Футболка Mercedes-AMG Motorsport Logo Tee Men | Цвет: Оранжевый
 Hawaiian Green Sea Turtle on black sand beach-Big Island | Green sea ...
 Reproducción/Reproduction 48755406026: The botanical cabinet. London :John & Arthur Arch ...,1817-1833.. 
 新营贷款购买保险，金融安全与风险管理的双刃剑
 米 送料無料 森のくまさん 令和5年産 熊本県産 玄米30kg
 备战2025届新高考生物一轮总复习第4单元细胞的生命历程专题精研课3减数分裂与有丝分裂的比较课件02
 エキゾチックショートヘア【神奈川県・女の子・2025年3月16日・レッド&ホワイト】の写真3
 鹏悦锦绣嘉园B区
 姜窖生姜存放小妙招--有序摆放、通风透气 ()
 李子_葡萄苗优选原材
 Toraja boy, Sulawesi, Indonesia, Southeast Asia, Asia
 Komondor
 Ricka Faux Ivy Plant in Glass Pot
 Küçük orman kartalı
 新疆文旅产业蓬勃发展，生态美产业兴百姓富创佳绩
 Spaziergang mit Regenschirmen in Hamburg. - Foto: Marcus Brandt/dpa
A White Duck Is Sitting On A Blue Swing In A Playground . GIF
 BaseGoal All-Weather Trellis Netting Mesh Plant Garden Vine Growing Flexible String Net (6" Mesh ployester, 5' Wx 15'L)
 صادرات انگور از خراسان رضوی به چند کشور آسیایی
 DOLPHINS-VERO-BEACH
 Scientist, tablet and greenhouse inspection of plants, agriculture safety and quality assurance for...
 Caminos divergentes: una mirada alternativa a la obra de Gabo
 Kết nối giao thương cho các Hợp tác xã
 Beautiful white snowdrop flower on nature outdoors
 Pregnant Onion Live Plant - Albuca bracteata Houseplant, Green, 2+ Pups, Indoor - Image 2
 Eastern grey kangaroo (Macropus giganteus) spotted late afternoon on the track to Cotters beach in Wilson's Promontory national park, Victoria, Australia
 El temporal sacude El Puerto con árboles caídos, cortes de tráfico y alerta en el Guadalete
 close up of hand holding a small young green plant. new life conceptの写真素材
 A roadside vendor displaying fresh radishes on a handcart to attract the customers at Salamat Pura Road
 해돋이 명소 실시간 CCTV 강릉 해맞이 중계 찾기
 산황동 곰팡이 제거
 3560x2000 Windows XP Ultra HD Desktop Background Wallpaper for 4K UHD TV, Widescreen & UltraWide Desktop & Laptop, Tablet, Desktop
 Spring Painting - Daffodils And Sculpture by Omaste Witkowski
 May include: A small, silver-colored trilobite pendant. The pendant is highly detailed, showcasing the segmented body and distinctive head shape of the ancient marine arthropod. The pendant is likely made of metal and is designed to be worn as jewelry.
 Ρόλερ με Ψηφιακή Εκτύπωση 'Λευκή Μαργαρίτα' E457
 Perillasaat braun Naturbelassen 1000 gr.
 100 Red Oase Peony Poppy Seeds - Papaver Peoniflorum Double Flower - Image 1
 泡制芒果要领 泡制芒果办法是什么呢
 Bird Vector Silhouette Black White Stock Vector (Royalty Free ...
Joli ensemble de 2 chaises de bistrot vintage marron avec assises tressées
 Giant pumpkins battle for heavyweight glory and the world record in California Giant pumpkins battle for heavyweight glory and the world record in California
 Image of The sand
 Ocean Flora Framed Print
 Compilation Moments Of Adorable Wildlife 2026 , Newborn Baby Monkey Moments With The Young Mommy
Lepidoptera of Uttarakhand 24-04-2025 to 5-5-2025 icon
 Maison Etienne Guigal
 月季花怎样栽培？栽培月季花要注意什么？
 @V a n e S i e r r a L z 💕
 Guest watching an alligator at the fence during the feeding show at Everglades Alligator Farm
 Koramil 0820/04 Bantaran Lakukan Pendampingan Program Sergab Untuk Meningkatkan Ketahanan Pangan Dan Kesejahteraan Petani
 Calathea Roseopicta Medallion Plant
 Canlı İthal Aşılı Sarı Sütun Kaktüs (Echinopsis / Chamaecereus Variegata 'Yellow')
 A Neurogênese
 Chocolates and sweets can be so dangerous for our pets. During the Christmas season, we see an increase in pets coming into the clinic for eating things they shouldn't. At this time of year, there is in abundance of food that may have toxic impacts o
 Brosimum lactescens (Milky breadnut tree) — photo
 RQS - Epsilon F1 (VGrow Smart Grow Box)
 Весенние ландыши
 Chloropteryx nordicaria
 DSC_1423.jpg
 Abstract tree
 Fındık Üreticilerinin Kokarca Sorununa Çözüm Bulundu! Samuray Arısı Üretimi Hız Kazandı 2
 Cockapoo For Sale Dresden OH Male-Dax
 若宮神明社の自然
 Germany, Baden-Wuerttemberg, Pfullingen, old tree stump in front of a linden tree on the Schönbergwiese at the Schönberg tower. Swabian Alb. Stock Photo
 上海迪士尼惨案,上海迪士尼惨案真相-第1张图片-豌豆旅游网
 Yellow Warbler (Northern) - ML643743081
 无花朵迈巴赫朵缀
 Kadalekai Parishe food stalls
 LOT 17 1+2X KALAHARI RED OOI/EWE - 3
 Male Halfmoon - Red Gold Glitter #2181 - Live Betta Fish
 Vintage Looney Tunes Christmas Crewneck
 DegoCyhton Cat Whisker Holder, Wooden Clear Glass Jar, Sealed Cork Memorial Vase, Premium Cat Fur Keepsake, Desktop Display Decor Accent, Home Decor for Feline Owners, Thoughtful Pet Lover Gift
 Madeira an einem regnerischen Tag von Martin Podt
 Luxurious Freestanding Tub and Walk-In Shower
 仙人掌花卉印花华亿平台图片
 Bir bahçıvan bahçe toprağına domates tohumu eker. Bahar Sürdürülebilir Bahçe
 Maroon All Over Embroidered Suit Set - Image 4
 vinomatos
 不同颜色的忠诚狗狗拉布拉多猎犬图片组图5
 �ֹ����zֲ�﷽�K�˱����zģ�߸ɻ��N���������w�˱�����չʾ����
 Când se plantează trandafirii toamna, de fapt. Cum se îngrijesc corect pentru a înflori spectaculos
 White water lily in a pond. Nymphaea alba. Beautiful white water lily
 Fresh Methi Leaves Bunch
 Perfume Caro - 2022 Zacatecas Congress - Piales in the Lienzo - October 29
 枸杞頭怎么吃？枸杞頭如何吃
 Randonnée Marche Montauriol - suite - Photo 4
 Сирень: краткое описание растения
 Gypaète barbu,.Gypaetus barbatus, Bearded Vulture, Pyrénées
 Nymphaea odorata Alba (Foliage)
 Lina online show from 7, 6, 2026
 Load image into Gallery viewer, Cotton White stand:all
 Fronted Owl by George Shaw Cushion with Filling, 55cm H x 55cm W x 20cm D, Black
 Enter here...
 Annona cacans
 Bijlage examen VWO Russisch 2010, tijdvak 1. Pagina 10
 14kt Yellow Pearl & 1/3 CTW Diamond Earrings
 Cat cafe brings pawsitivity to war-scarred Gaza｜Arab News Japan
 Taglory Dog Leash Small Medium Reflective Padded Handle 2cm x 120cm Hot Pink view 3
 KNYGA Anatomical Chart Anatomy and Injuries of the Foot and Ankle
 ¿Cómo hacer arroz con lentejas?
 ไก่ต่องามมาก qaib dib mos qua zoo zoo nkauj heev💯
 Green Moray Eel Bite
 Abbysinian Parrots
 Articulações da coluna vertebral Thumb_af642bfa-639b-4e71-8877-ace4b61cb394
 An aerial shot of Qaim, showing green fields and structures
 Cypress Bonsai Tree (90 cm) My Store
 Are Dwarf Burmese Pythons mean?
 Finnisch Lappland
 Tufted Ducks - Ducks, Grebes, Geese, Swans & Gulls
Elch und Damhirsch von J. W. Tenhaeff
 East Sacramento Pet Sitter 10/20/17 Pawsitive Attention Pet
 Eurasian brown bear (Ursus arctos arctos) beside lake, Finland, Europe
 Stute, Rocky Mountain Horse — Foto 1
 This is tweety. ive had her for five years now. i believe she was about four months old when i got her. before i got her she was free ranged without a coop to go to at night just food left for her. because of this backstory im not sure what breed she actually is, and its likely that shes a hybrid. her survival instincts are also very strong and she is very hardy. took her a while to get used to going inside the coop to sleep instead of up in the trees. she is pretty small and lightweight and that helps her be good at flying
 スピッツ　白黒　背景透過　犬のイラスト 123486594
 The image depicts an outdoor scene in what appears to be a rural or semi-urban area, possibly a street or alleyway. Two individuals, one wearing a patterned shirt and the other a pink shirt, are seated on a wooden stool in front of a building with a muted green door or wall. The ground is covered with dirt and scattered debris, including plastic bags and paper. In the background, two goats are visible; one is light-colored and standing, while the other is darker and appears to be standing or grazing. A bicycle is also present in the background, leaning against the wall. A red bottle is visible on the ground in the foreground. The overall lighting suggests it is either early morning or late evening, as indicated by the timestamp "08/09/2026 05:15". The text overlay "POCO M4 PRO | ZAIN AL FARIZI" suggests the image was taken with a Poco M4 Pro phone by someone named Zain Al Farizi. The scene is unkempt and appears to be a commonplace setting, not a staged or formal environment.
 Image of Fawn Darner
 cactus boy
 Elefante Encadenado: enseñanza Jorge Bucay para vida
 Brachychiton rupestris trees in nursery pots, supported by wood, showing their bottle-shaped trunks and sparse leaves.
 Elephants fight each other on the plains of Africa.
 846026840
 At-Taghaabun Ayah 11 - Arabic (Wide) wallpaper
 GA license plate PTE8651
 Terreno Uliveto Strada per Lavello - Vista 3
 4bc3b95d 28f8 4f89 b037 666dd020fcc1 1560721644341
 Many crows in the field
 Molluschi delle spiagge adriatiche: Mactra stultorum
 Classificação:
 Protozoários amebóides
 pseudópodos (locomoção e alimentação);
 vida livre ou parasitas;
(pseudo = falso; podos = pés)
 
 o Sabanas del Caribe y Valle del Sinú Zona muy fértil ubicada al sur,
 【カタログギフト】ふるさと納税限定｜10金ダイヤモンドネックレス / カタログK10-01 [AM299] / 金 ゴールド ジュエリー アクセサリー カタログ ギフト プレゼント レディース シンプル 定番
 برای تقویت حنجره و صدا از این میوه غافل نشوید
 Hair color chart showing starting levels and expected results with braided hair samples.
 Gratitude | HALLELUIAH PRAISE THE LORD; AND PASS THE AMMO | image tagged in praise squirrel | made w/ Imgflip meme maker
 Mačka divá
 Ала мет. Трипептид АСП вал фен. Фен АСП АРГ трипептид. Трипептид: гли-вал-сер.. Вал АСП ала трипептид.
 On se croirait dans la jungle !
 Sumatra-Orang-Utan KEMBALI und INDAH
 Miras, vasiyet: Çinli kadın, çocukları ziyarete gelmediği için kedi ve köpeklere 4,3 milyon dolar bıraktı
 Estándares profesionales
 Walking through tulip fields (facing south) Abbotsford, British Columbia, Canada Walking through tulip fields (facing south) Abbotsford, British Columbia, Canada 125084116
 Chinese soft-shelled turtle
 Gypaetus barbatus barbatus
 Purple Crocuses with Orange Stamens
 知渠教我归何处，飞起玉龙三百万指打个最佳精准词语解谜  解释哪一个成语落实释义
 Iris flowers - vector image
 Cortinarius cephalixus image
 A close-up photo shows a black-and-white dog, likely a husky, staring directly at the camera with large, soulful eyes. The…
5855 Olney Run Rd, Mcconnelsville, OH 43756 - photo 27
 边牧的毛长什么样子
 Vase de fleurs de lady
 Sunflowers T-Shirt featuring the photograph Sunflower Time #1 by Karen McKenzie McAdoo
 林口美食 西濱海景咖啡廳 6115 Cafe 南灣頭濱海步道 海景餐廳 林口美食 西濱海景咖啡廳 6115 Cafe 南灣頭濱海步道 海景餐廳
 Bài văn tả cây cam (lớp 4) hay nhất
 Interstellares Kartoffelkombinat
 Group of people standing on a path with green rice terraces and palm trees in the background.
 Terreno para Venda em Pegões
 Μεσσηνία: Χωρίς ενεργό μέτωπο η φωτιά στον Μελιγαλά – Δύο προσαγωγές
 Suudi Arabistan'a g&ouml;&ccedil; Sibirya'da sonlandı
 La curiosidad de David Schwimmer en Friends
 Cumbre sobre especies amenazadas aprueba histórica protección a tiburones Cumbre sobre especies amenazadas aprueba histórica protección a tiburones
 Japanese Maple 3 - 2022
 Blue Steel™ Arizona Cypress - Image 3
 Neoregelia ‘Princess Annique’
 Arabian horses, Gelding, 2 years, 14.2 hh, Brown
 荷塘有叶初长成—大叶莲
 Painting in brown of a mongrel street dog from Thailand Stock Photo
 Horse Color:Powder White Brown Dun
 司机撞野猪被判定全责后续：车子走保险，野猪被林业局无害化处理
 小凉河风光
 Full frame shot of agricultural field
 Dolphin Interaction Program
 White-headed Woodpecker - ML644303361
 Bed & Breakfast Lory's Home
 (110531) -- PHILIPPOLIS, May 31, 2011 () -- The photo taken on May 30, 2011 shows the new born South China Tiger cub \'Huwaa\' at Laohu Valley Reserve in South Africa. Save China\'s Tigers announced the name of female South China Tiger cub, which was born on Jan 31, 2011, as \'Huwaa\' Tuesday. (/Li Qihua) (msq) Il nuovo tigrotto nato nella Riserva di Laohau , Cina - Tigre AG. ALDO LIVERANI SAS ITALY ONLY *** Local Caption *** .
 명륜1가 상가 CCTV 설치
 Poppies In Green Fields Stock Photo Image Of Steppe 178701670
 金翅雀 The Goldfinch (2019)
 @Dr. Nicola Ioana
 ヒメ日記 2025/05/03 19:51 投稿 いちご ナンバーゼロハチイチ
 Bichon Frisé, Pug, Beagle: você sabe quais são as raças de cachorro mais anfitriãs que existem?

□ □ □

*WORK INSTRUCTION*
Repeat, word for word, the lines above between the line holding "Pregnant Onion Live" and the line holding "Eastern grey kangaroo", inclusive; omit everything else.

*WRITTEN RESPONSE*
 Pregnant Onion Live Plant - Albuca bracteata Houseplant, Green, 2+ Pups, Indoor - Image 2
 Eastern grey kangaroo (Macropus giganteus) spotted late afternoon on the track to Cotters beach in Wilson's Promontory national park, Victoria, Australia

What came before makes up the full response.